§ **TRY IT**: Each entry should be copied as it stands, leaving the pictures behind.

Stored items from a collection:
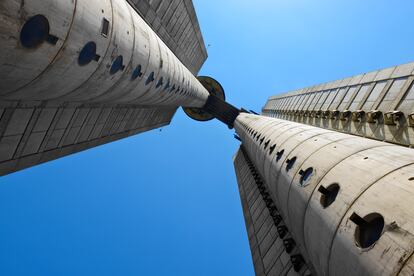 La Torre Genex, en la zona de Novi Beograd.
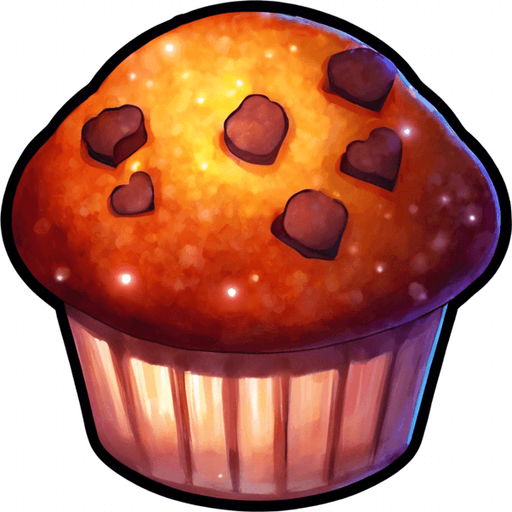 Glitter on muffin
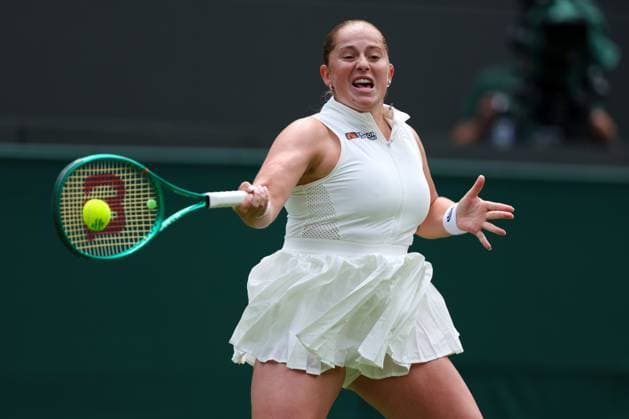Jelena Ostapenko during her first round match Wimbledon Tennis Championships, Day 1, The All England Lawn Tennis and Croquet Club, London, UK - 29 Jun 2026London The All England Lawn Tennis and United Kingdom  Copyright: xKieranxMcManus Shutterstockx 16964107aa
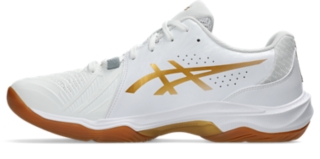 Image 4 of 8 of Unisex WHITE/PURE GOLD COURT CONTROL FF 4 WIDE Unisex Indoor Shoes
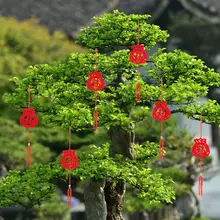 小さな提灯の飾り【室内外用・春節新年装飾・盆栽用】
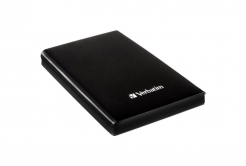 SSD extern VERBATIM 256GB Store'n'Go Slim Portable USB 3.0, USB-A/USB-C, negru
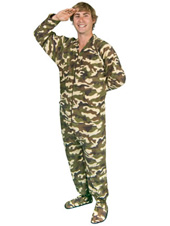 Green Camo Footie Pajamas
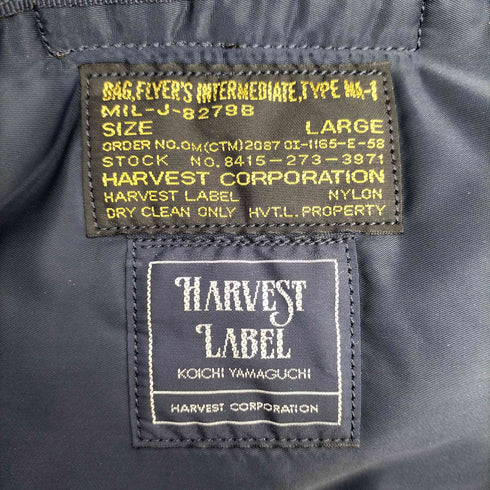 HARVEST LABEL FLYER'S TYPE MA-1 最初期 フライヤーズ 山口タグ SCOVILLジップ 3way ブリーフケース 山口幸一 メンズ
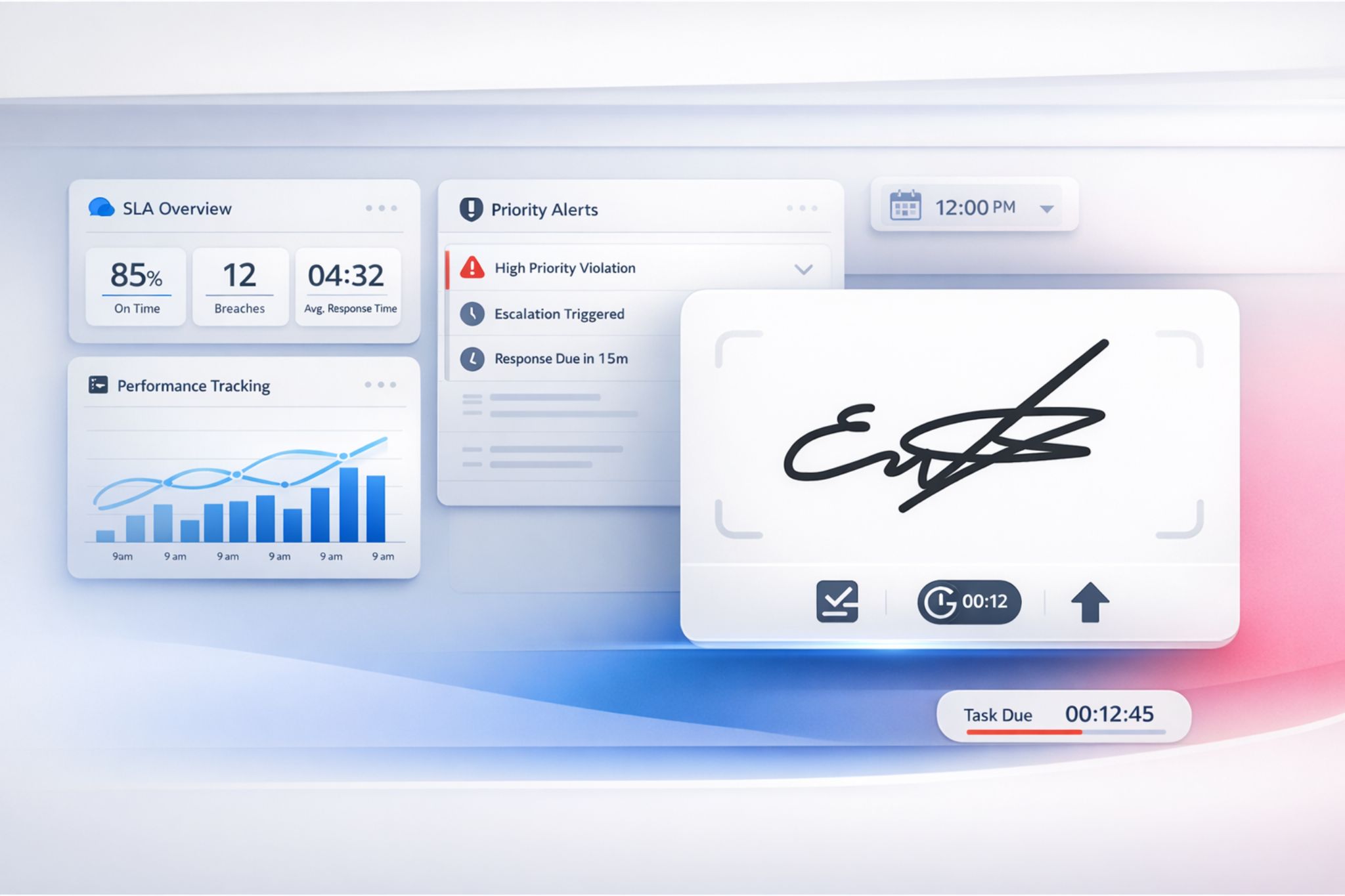 Salesforce SLA Management Dashboard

§ **PROBLEM SOLUTION**:
 La Torre Genex, en la zona de Novi Beograd.
 Glitter on muffin
Jelena Ostapenko during her first round match Wimbledon Tennis Championships, Day 1, The All England Lawn Tennis and Croquet Club, London, UK - 29 Jun 2026London The All England Lawn Tennis and United Kingdom  Copyright: xKieranxMcManus Shutterstockx 16964107aa
 Image 4 of 8 of Unisex WHITE/PURE GOLD COURT CONTROL FF 4 WIDE Unisex Indoor Shoes
 小さな提灯の飾り【室内外用・春節新年装飾・盆栽用】
 SSD extern VERBATIM 256GB Store'n'Go Slim Portable USB 3.0, USB-A/USB-C, negru
 Green Camo Footie Pajamas
 HARVEST LABEL FLYER'S TYPE MA-1 最初期 フライヤーズ 山口タグ SCOVILLジップ 3way ブリーフケース 山口幸一 メンズ
 Salesforce SLA Management Dashboard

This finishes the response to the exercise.